[Raw data — start]
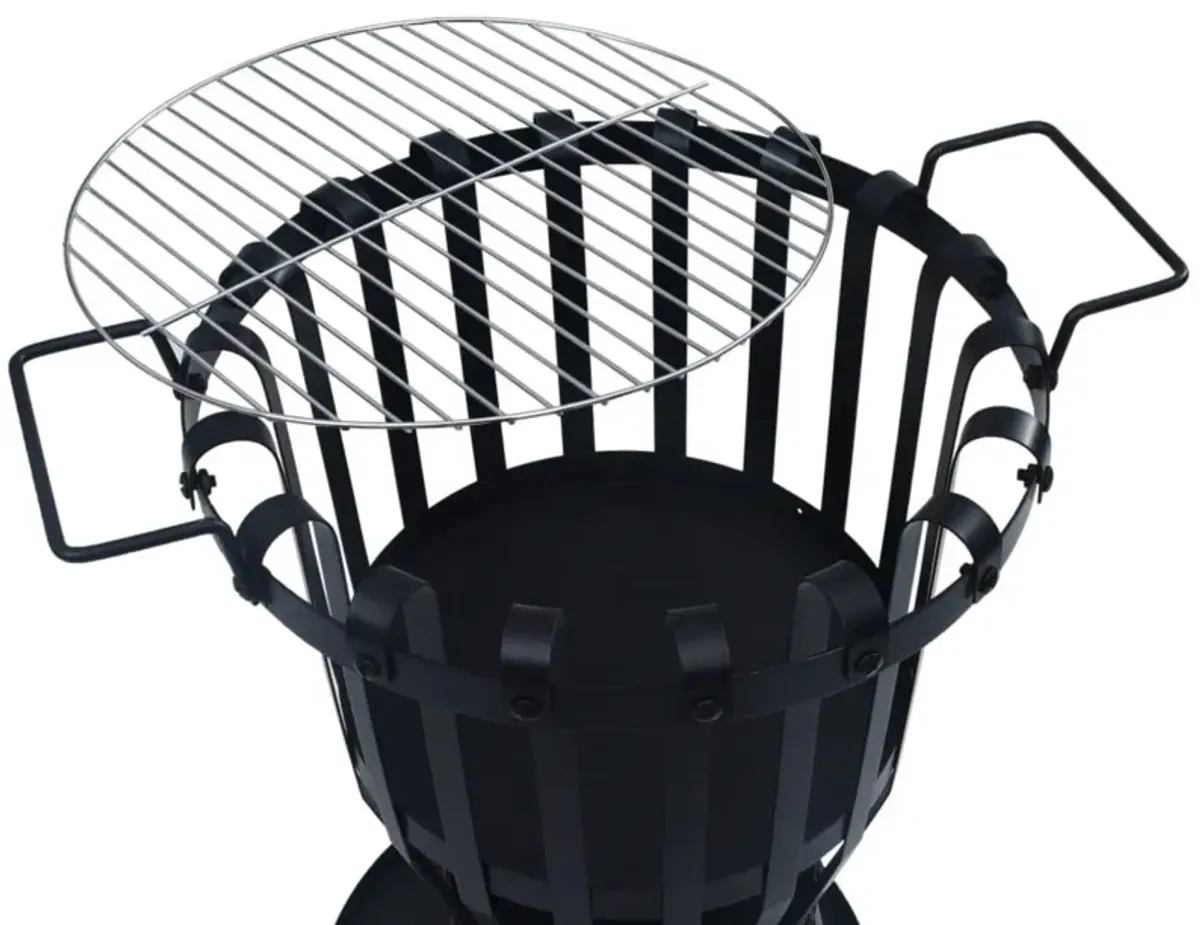 vidaXL Powder-Coated Steel Garden Fire Pit with Cook Grill - Portable BBQ Fire Basket with Stable Base - Ideal for Garden, Backyard, Outdoor and Patio - Black, 19"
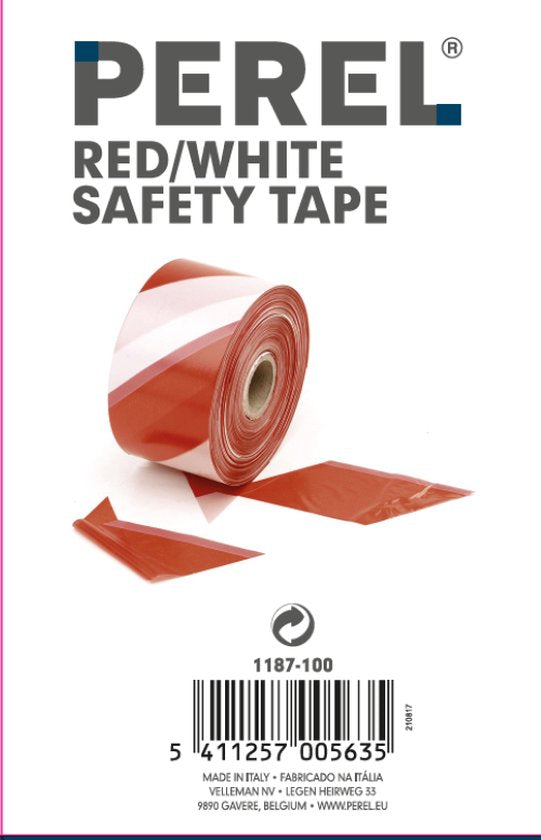Perel Absperrband, zur Abgrenzung von Gefahrenbereichen und Zugangsbeschränkungen, Polyethylen, rot/weiß, 8 cm x 100 m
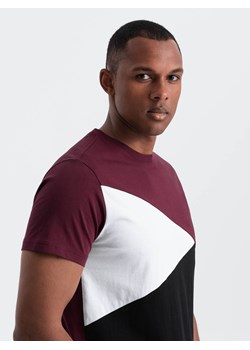 Męski t-shirt trójkolorowy bawełniany - bordowo-czarny V5 OM-TSCT-0174 ze sklepu ombre w kategorii T-shirty męskie - zdjęcie 173697963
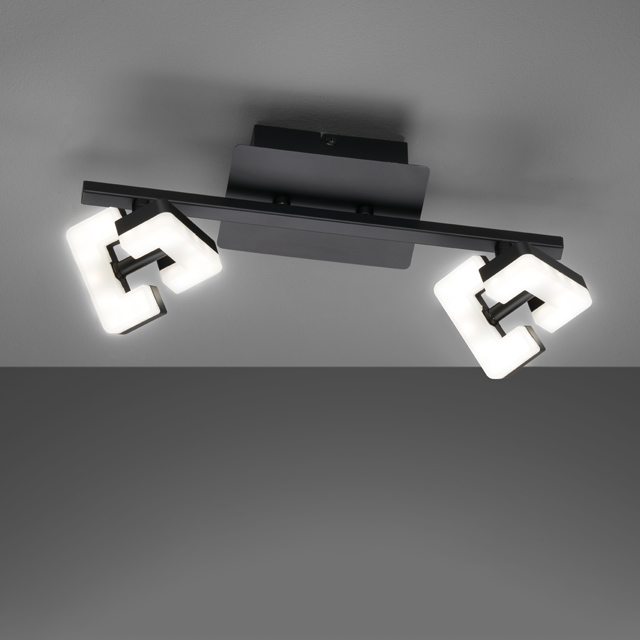Fischer & Honsel LED-Deckenleuchte RAY in Metall sandschwarz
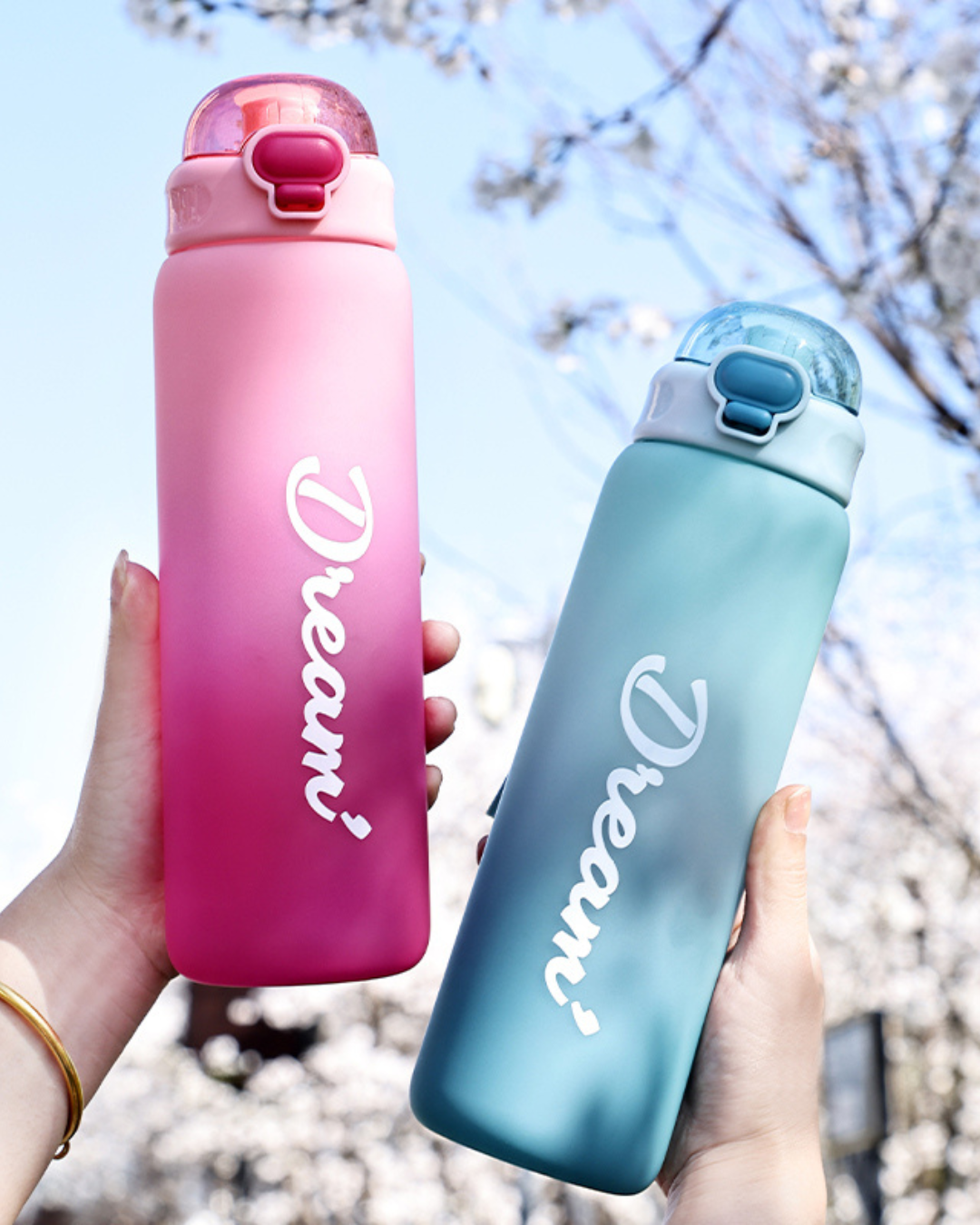 Motivational Water Bottle with Time Marker – 1L BPA-Free Sports Bottle for Gym & Travel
[Raw data — finish]
» **Requirement**
Leave the pictures out and write out every entry exactly as given.

» **Solved problem**
 vidaXL Powder-Coated Steel Garden Fire Pit with Cook Grill - Portable BBQ Fire Basket with Stable Base - Ideal for Garden, Backyard, Outdoor and Patio - Black, 19"
Perel Absperrband, zur Abgrenzung von Gefahrenbereichen und Zugangsbeschränkungen, Polyethylen, rot/weiß, 8 cm x 100 m
 Męski t-shirt trójkolorowy bawełniany - bordowo-czarny V5 OM-TSCT-0174 ze sklepu ombre w kategorii T-shirty męskie - zdjęcie 173697963
Fischer & Honsel LED-Deckenleuchte RAY in Metall sandschwarz
 Motivational Water Bottle with Time Marker – 1L BPA-Free Sports Bottle for Gym & Travel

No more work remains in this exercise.